France, the country in which Picasso had lived for almost seventy years, made solemn decisions regarding his legacy. Having the possibility to pay off inheritance taxes through the sale of works of art, the French state and the artist’s family agreed to take from the master’s immense legacy a selection of 200 paintings, 150 sculptures, 3,000 drawings, 88 ceramics and more, and allocate all this to a national museum named after Pablo Picasso, which opened its doors in Paris on 28 September 1985.
The historian Annie Cohen-Solal wanted to re-examine this “great love” France had for Pablo Picasso by thoroughly scrutinizing the archival documents and arrived at unexpected and in some respects disconcerting conclusions. Contrary to what is commonly believed, France repeatedly demonstrated sincere and open hostility towards this “Spanish” artist, defined as a “foreigner”, “anarchist” and, moreover, an exponent of an “incomprehensible art”.
In 1901 Pablo Ruiz Picasso ‒ who had chosen to reside in the French capital ‒ found himself immediately investigated by the Parisian police, who opened a file on him eloquently entitled: “Foreigner n° 74,664”.
The file would be updated periodically for many years, not just with the conspicuous SPANISH stamp (in capital letters) often placed on the papers, but also with judgments that denoted political distrust towards him, contempt for his art and even tones of actual xenophobia: “He did not serve in the military in our country during the conflict in 1914”, he is a “self-styled modern painter”, he “is a Soviet apologist”, he is an “anarchist monitored by the prefecture” and then “he speaks French very badly, as he can barely make himself understood”.
Despite these hostilities, the “foreigner” Picasso was producing masterpieces in France. In Paris he had painted Les Demoiselles d’Avignon (1907). In 1929 he had offered it as a gift to the Louvre, but the museum disdainfully refused. Then came Guernica (1937), which the artist painted overwhelmed by the horror of the Spanish civil war in a France, however, completely indifferent to that fratricidal tragedy, a precursor to the massacre of the world war.
In 1940 Picasso attempted to become a naturalized French citizen, but his aspiration was crushed. This was the reason given: “Foreigner without qualifications to obtain naturalization; however, given the foregoing, he must be considered extremely suspicious”.

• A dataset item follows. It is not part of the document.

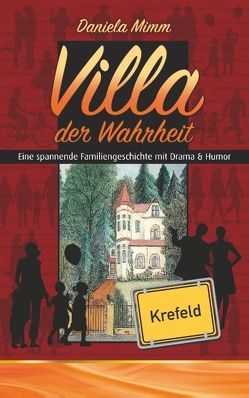 Villa der Wahrheit von Mimm,  Daniela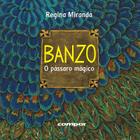 Livro - Banzo – o pássaro mágico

Worse happened, in 1942. To renew his French residency permit he was forced to declare: “I, the undersigned, declare on my honour that I am not Jewish”.
The discovery of the precariousness in which the artist lived and the obstacles he had to overcome during his life in France are the plot not just of Annie Cohen-Solal’s book, Picasso. Una vita da straniero [Picasso. A life as a foreigner] (Marsilio, 2024), but also of the highly original exhibition inspired by it, again curated by Annie Cohen-Solal together with Cécile Debray, and staged from 20 September 2024 to 2 February 2025 at the Palazzo Reale in Milan. Entitled Picasso lo straniero [Picasso the foreigner], the exhibition is sponsored by the Municipality of Milan ‒ Culture, produced by Palazzo Reale with Marsilio Arte and created thanks to the collaboration of the Musée National Picasso in Paris, the Palais de la Porte Dorée and the Musée National de l’Histoire de l’Immigration.
Picasso lo straniero presents around eighty works by the artist, as well as documents, photographs, letters and videos from the Picasso Museum in Paris and the Musée National de l’Histoire de l’Immigration in Paris. An aesthetic and historical journey that invites us to reflect on the issues of immigration and reception, having as its linchpin the figure and work of Pablo Picasso who, despite France having become his home and his fame having brought prestige to the nation, would never obtain French citizenship. Belatedly (1958), they did in fact offer it to him. But by that point he was the one who didn’t want it anymore.